Our "Dealer Optimism Index" - a measure of sentiment among dealers compared to the prior month - declined to a net 23% of dealers reporting they have a less optimistic outlook now vs. a net 9% last month: 14% are more optimistic; 49% same; 37% are less optimistic.

While farm machinery sales held up well through the first half of 2012, dealers are telling us they're taking a wait-and-see approach to the remainder of the year. Most of the dealers we've spoken with in the past few weeks indicate that many of their farm customers purchased crop insurance that will probably cover a good portion of their expected crop losses for the year.


And while that eases some of the economic pressure, it will never ever make up for the loss of the crop itself. As much as they understand there's nothing they can do about the weather, farmers, like most of us, do not like to watch the product of their work go down the drain. Crop insurance is good, but it's like watching your insured house go up in flames. No amount of money can ever replace what's lost.

On top of it, they know they'll have to listen to the critics who are already taking pot shots at those 'greedy, corporate farmers' for having "subsidized" crop insurance.

A dealer friend of ours sent a note recently that included a newspaper clipping that read, "While farmers fret over the condition of their fields, U.S. taxpayers will be footing 62% of crop insurance costs," said Bruce Babcock, an economics professor at Iowa State Univ., adding that the higher costs go back to changes made in 2000, when Congress increased the share of crop insurance premiums paid by the taxpayer.

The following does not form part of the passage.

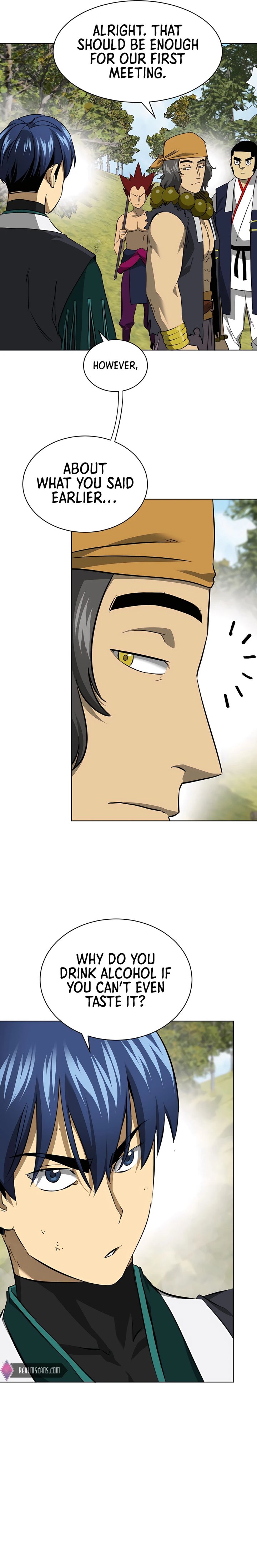 Infinite Level Up in Murim - Chapter 143 Page 34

"As the cost to insure crops dropped, farmers bought more insurance, further raising the tab for taxpayers," said Babcock. "The cost of subsidizing crop insurance premiums has exploded, from $1.5 billion in 2002 to $7.4 billion in 2011."

Of course, almost anyone not connected to agriculture looks at the farmers' safety net as a handout, while ignoring the risk growers take on to produce the food we all want and demand to be as cheap as possible. What about the $500 or $700 in inputs that go into growing an acre of soybeans or corn?

Why don't we take crop insurance away and see what happens? While we're at it, let's reduce the amount spent on food stamps, which makes up a far larger portion of the Farm Bill expenditures than does any of the actual agricultural costs.

It's kind of ironic, isn't it? We want to feed more people and pay less for it, while at the same time criticizing and persecuting the producers who grow the food they want to give away. What a country!